▶ **Material to process**:
#####

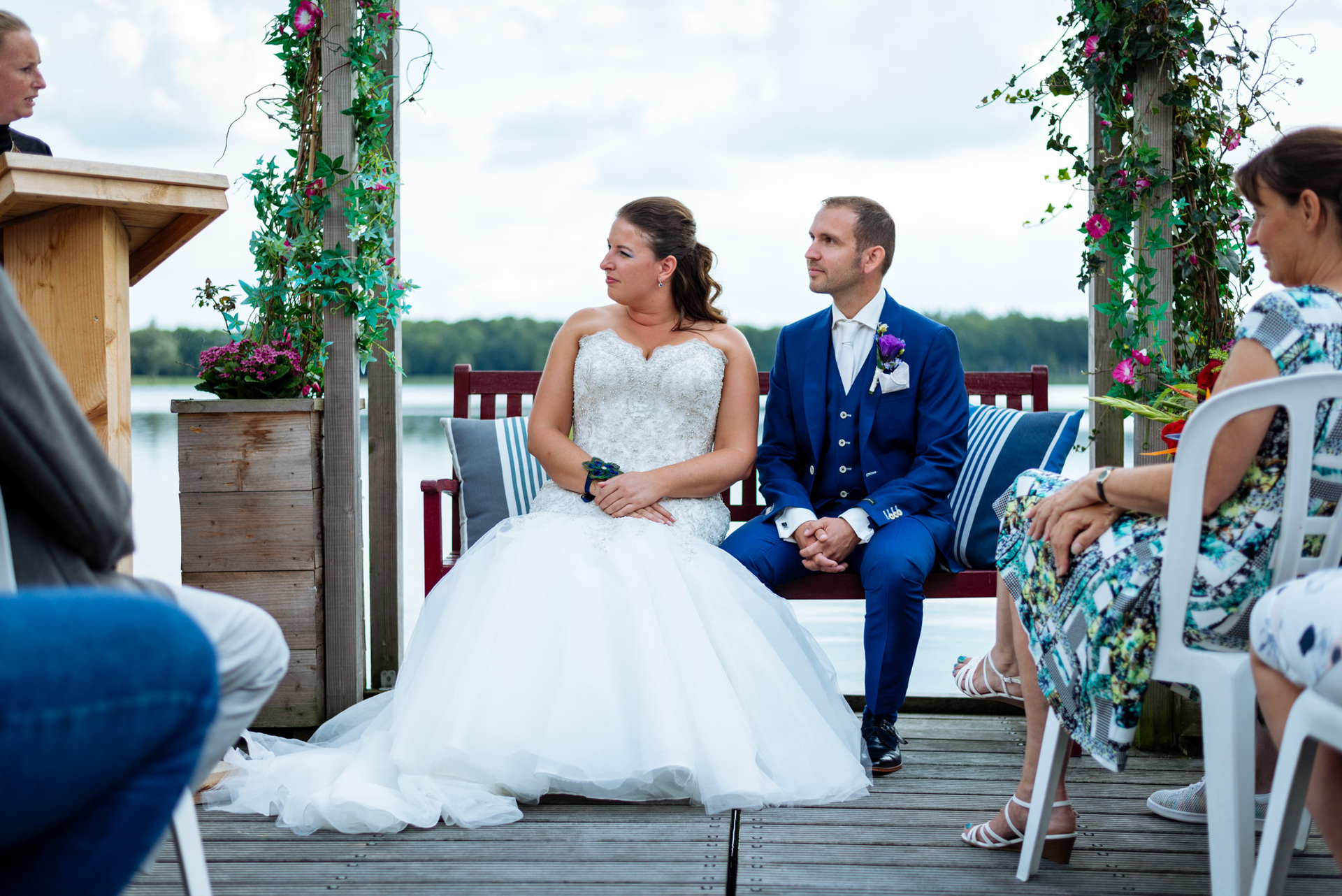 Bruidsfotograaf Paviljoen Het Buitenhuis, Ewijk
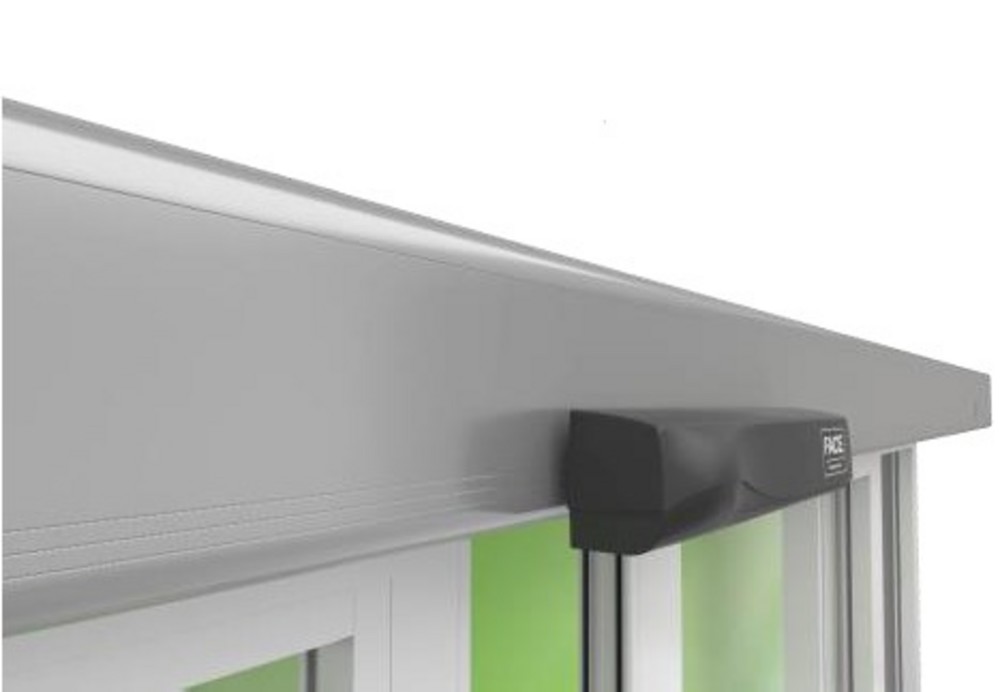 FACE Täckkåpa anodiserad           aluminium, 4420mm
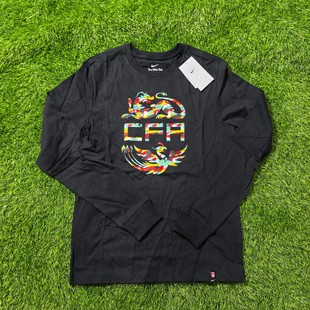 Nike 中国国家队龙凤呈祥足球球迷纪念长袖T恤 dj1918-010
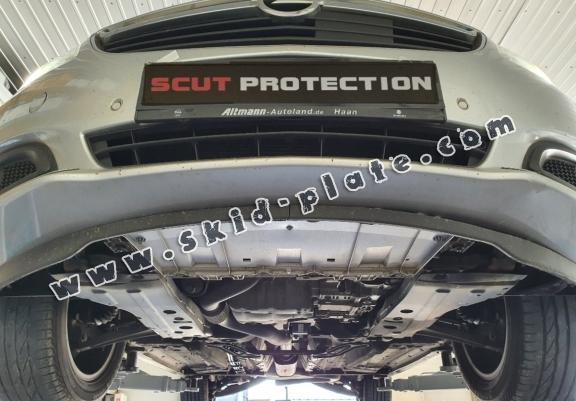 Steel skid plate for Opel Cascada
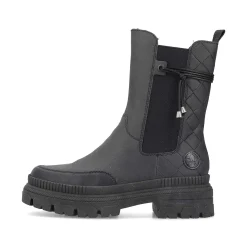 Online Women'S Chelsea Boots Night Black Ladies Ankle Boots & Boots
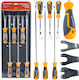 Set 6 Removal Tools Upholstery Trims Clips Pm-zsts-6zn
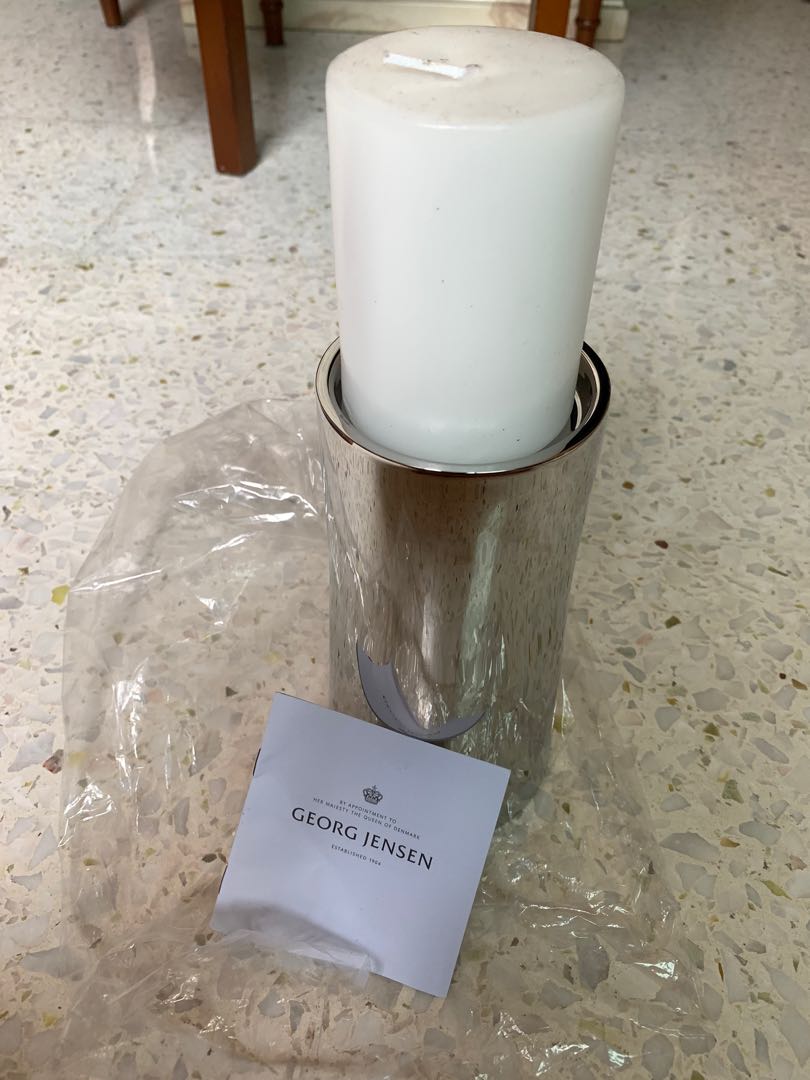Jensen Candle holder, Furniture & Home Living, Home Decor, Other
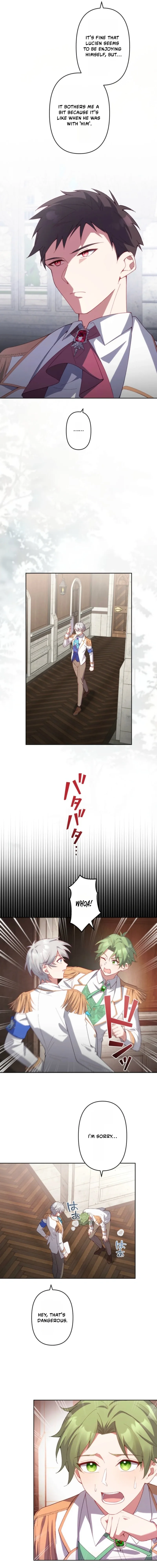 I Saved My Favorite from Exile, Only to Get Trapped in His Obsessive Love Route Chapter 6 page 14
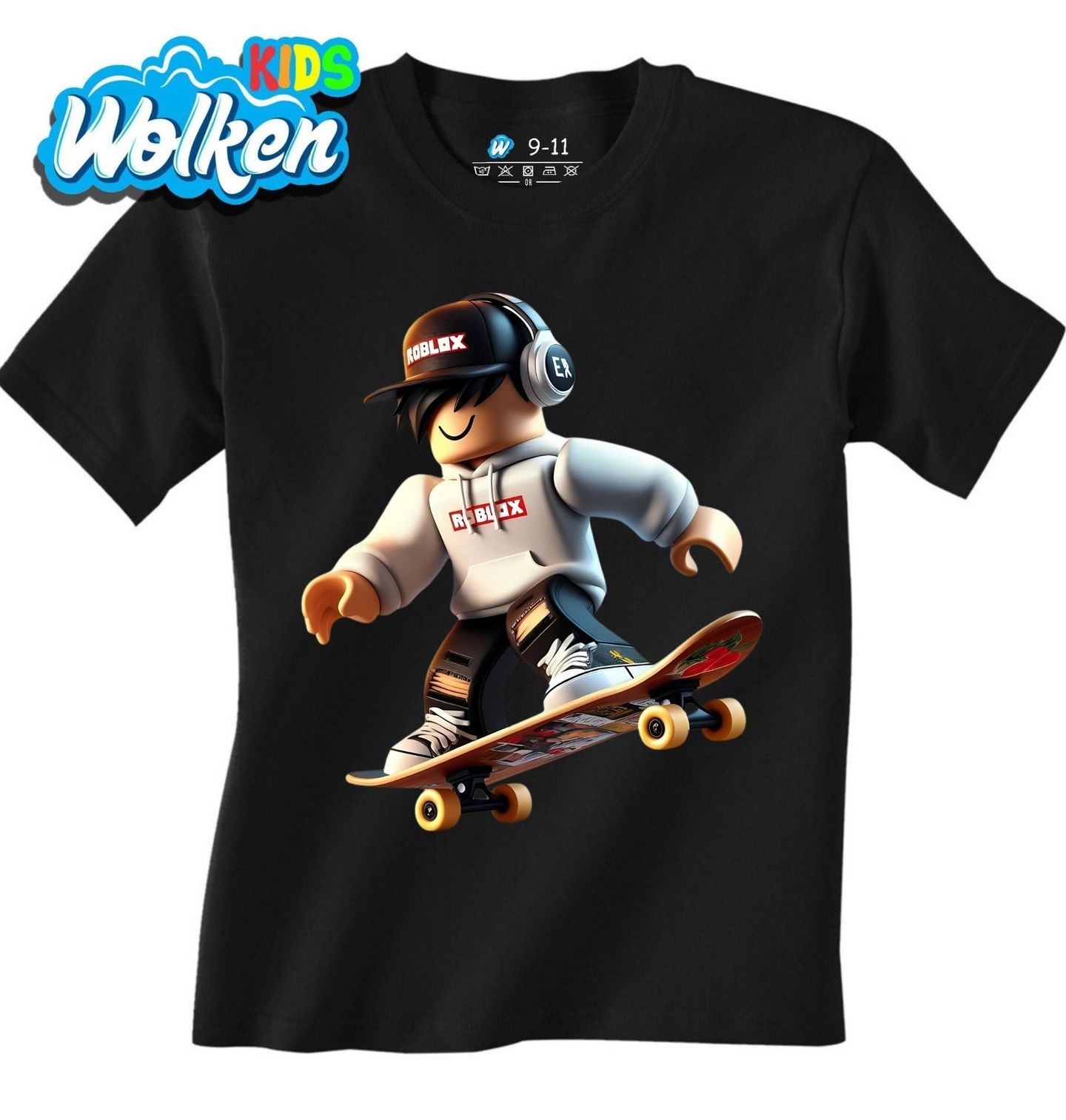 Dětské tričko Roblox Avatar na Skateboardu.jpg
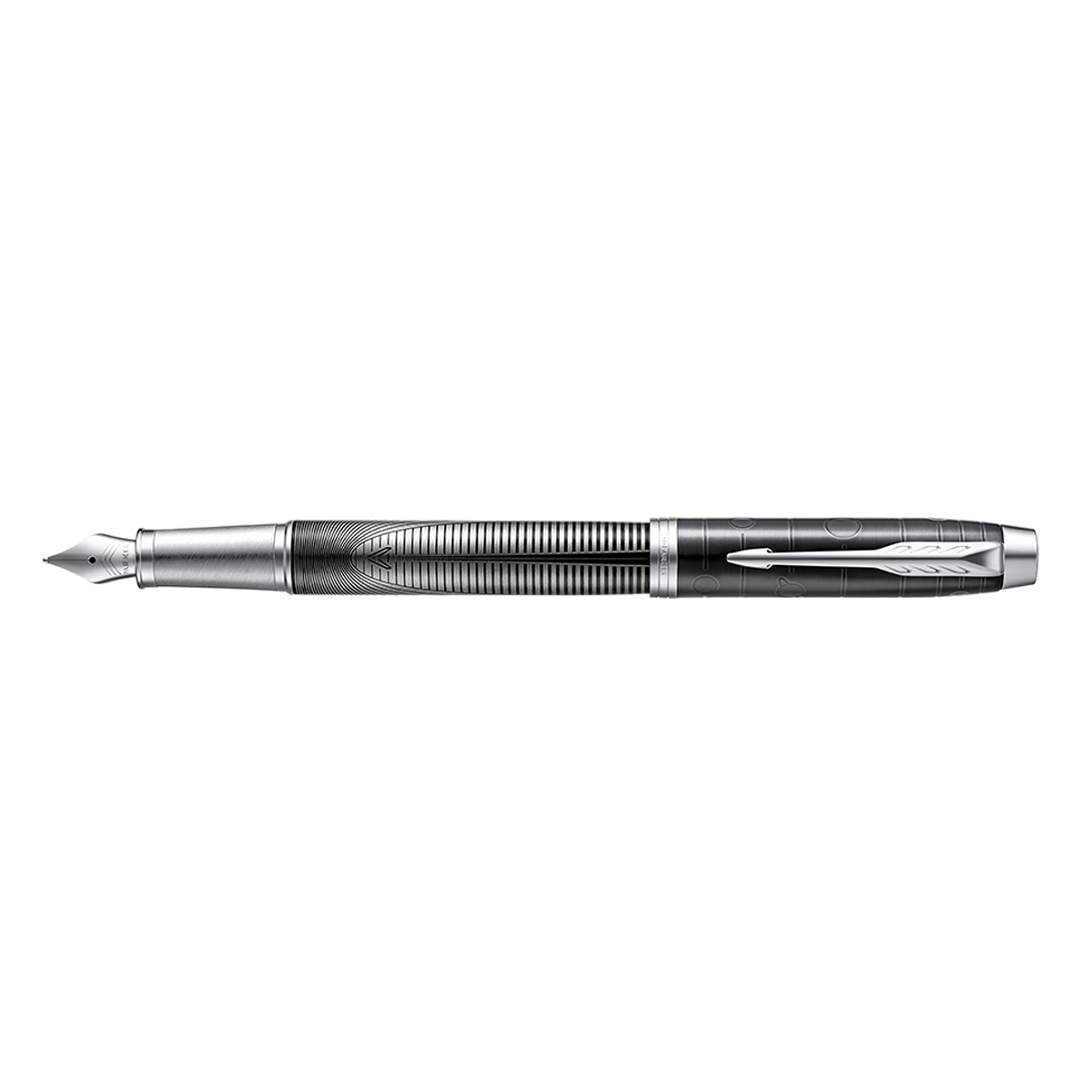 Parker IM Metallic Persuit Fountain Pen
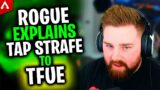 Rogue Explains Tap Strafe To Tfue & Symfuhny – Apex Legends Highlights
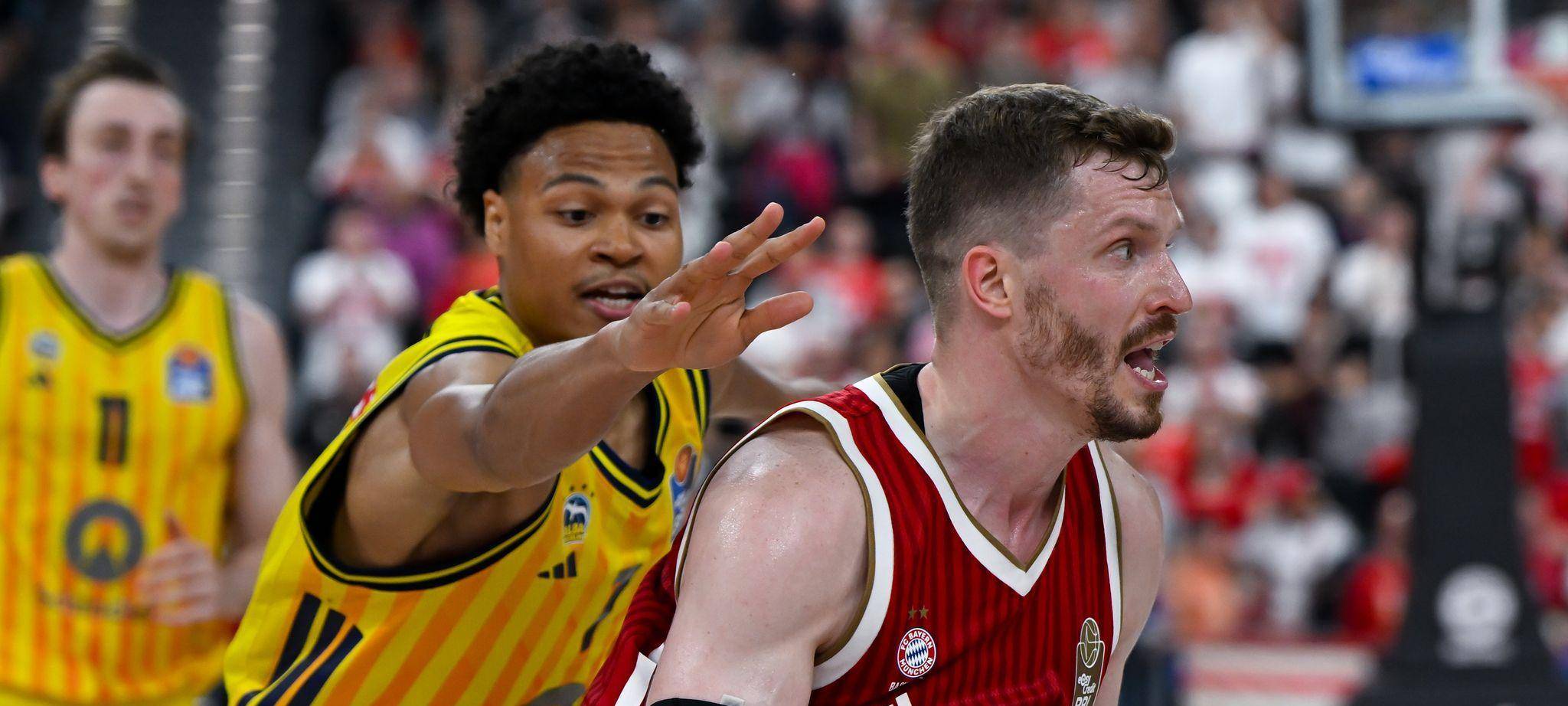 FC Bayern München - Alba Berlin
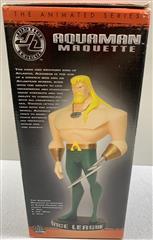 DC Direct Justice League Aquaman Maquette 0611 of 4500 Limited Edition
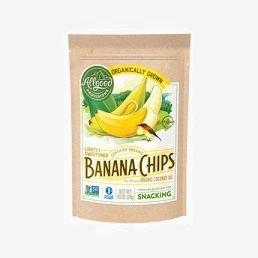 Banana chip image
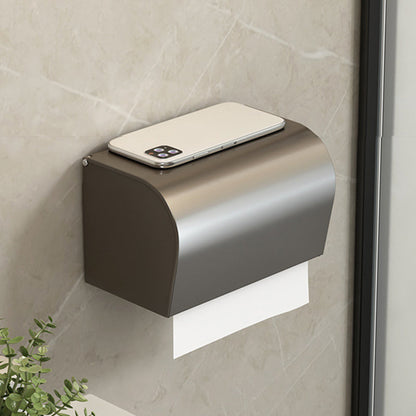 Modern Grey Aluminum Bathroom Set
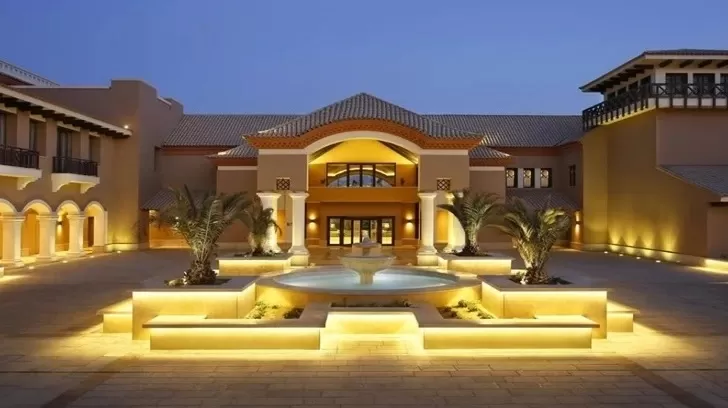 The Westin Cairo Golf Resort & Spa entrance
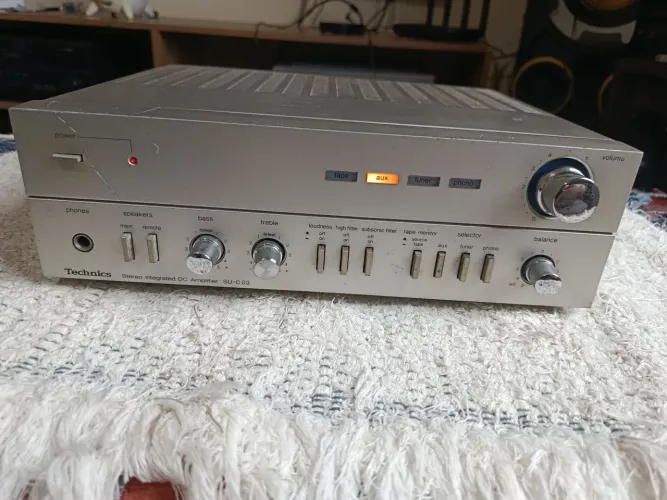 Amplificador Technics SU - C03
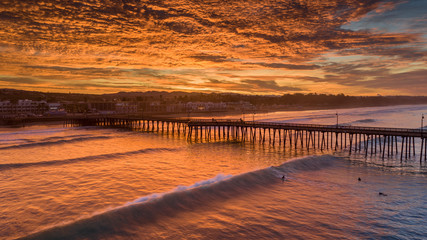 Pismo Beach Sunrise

#####

▶ **What is required**:
Repeat the line that contains "Dětské tričko Roblox" and each line after it, through the last line of the listing, exactly and alone; pictures stay out of the repeat.

▶ **Task output**:
 Dětské tričko Roblox Avatar na Skateboardu.jpg
 Parker IM Metallic Persuit Fountain Pen
 Rogue Explains Tap Strafe To Tfue & Symfuhny – Apex Legends Highlights
 FC Bayern München - Alba Berlin
 DC Direct Justice League Aquaman Maquette 0611 of 4500 Limited Edition
 Banana chip image
 Modern Grey Aluminum Bathroom Set
 The Westin Cairo Golf Resort & Spa entrance
 Amplificador Technics SU - C03
 Pismo Beach Sunrise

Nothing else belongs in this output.